Outrage over Andy Rubin’s $90 million payout questioned company core values and diversity.
Jayme S. Ganey
A recent New York Times report that said Google gave millions of dollars to some executives, like Andy Rubin ($90 million) in secret exit packages after they were accused of sexual misconduct.
The report sparked outrage among employees who organized via social media and yesterday walked out of offices around the world by the thousands.
Zurich, Dublin, Singapore, London and Hyderabad, India, and multiple U.S offices participated in the Google Walkout For Real Change.
In New York, where 3,000 employees walked out, Demma Rodriguez, a leader of the ERG, Black Googler Network, said if Google doesn’t have a culture of equality for women, minorities and people with disabilities, “that means the company is failing everyone.”
“We will bring the consequences,” she said.

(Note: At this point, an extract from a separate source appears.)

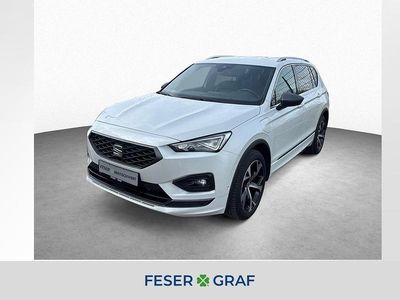 Gebraucht Seat Tarraco FR 245 PS (180 kW) 2022 Orix weiß SUV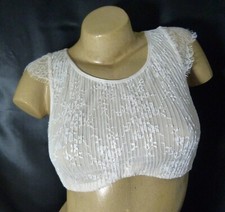 PASSIONATA GLORIA top ivoire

Google’s Chief Executive Officer Sundar Pichai, who heads an executive leadership team that is predominantly white and male, and Eileen Naughton, vice president of people operations, said in an email memo that they are taking an “increasingly hard line on inappropriate conduct by people in positions of authority.”
They said that Google had fired 48 people, including 13 senior managers, without pay for sexual misconduct over the past two years.
But saying something and doing something, especially from the top down, are two different things.
In DiversityInc’s analysis of Google, the efforts to help women and minorities feel supported in their workplace is surface level. Their site is well crafted with diversity and inclusion messages, but the reflection in leadership and in workforce representation has been stagnant for years.
Black workforce representation, at 2 percent, has remained static for four years. Representation of Hispanics (4 percent) and women (31 percent) each increased by 1 percentage point from 2014 to 2017. Over that timespan, representation of Asians (35 percent) increased by 5 percentage points. Note that Black, Latino and Asian representation are U.S. only, and representation of women is global.
Representation in leadership went up by 1 percentage point over four years for Blacks (2 percent) and Latinos (2 percent), while representation of women (25 percent) and Asians (27 percent) went up by 4 percentage points each. We don’t know how Google defines leadership, but the pool is much smaller than the workforce. So, a 4 percentage-point increase may just be one person.
Not to mention the department of labor’s accusations of discriminating against female employees, their lawyers saying investigating a gender pay gap was too expensive, and little and very late response to a misogynistic memo circulated by an employee who was fired a year after the incident.
You can’t get diverse peoples in your door if your culture stench is hypocrisy. They have never participated in DiversityInc’s Top 50 Companies for Diversity competition.
Employees chastised the company slogan “Don’t Be Evil” and held signs saying things like: “Time’s Up”, “Don’t be evil, protect victims, not harassers,” and “What do I do at Google? I work hard every day so the company can afford $90,000,000 payouts to execs who sexually harass my co-workers.”
Some changes the employee movement is calling for include: end forced arbitration in cases of harassment and discrimination; a “transparent and inclusive process” for reporting sexual misconduct “safely and anonymously;” the chief diversity officer should answer directly to the CEO and make recommendations to the board; a commitment to end pay and opportunity inequity.